*The problem*: Give the listing below again exactly, but without any of its pictures.

*Supplied data*:
═══

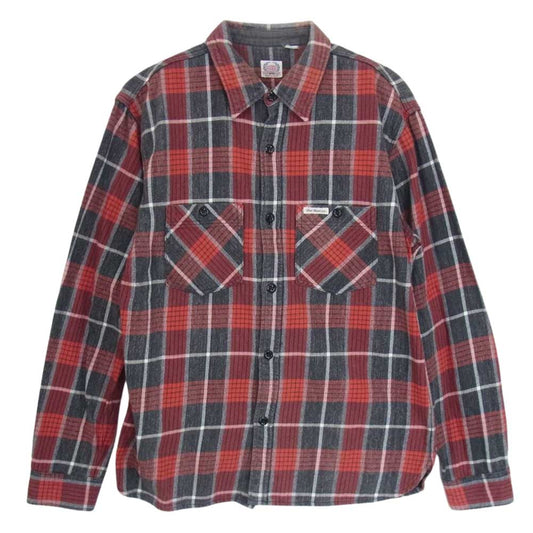 THE FLAT HEAD ザフラットヘッド GLORY PARK ネル チェック ワーク シャツ レッド系 サイズ表記無【中古】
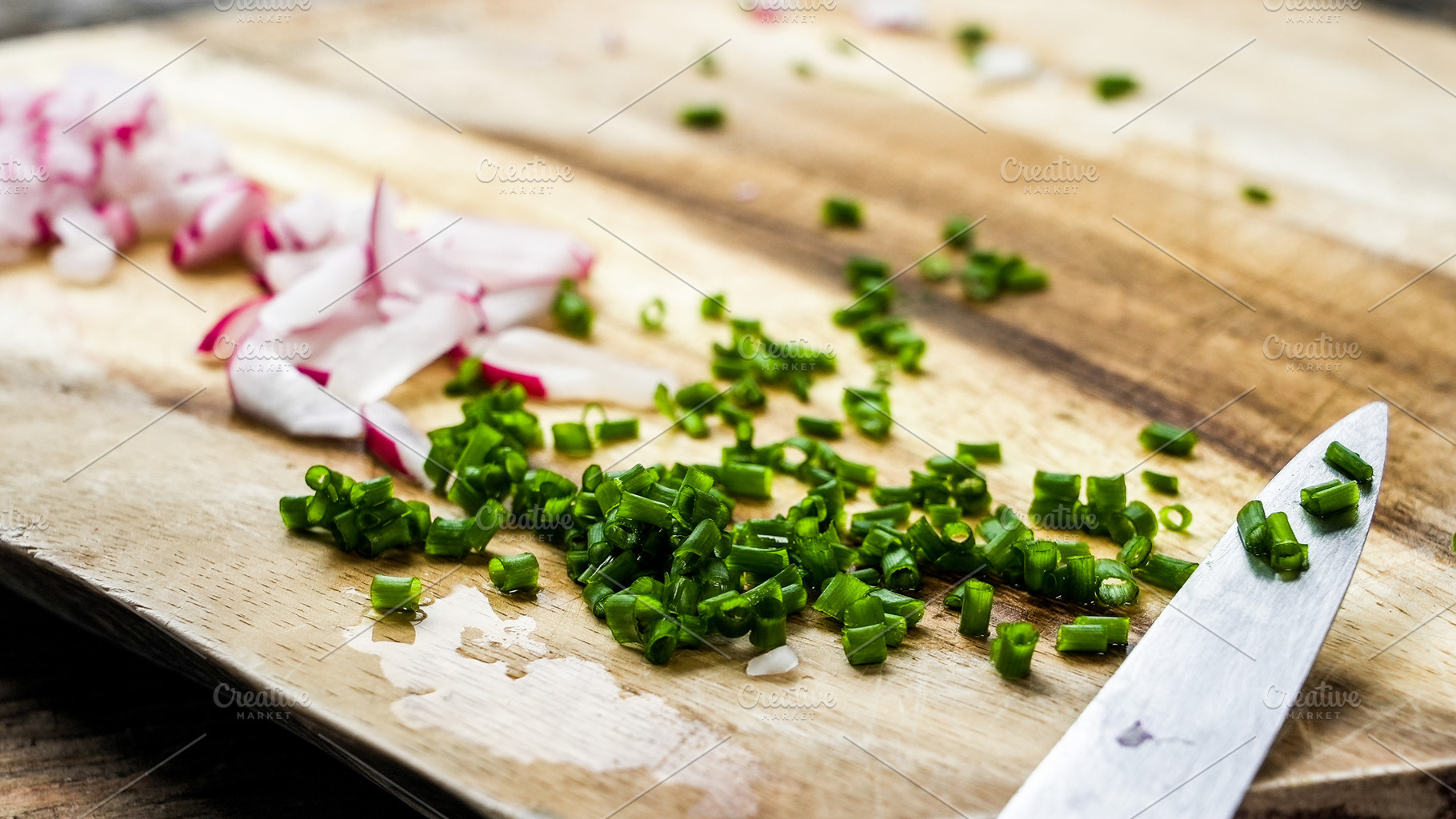 Fresh chopped radishes and chives on, a Food & Drink Photo by 1miromiro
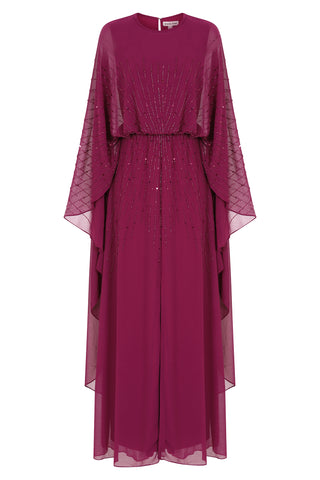 Frock & Frill Ada Boysenberry Embellished Cape Sleeve Maxi Dress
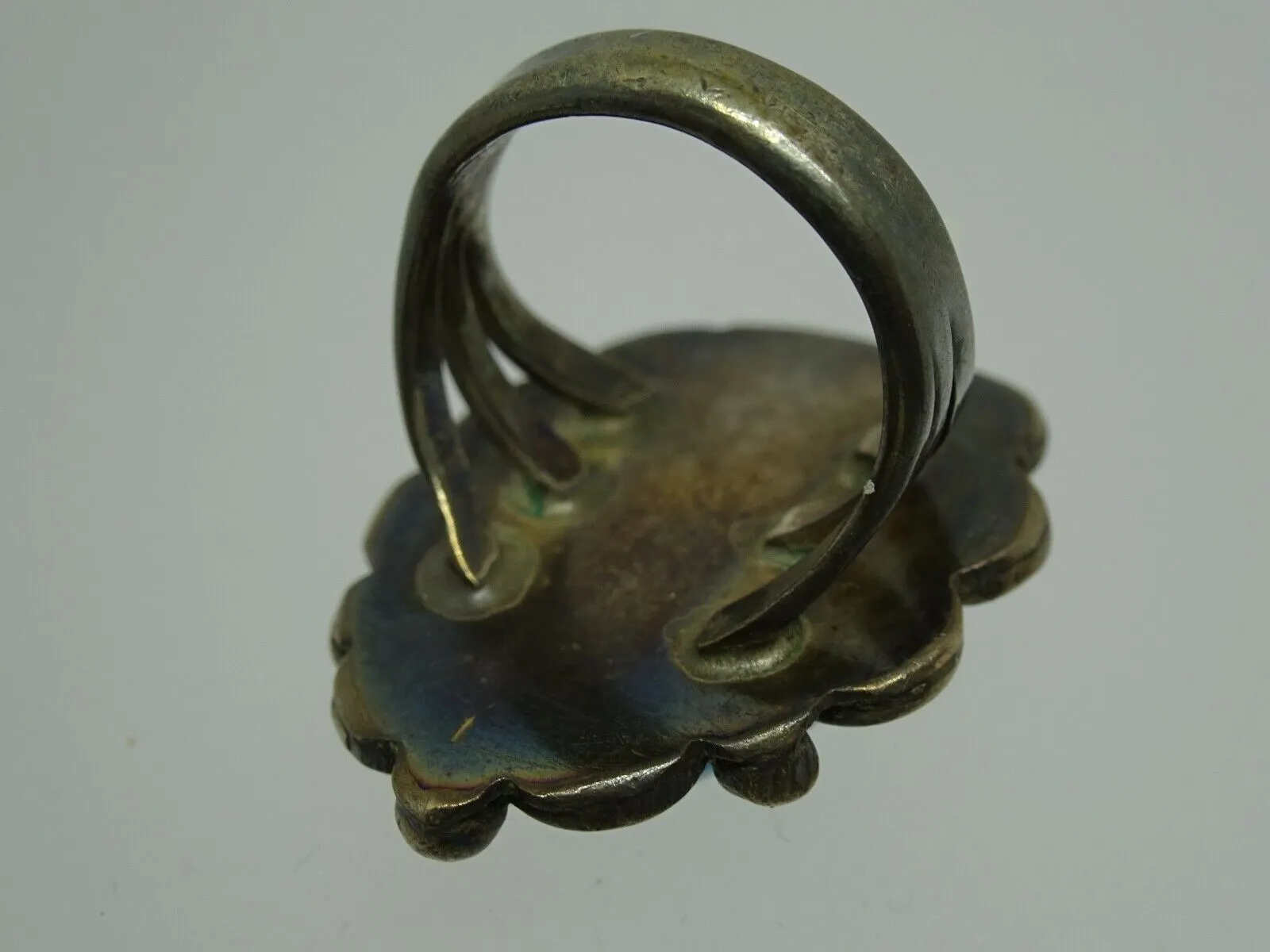 Old Pawn Native American Navajo Sterling Turquoise Ring Sawtooth Bezel  Size 4.5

═══

*Response to this exercise*:
 THE FLAT HEAD ザフラットヘッド GLORY PARK ネル チェック ワーク シャツ レッド系 サイズ表記無【中古】
 Fresh chopped radishes and chives on, a Food & Drink Photo by 1miromiro
 Frock & Frill Ada Boysenberry Embellished Cape Sleeve Maxi Dress
 Old Pawn Native American Navajo Sterling Turquoise Ring Sawtooth Bezel  Size 4.5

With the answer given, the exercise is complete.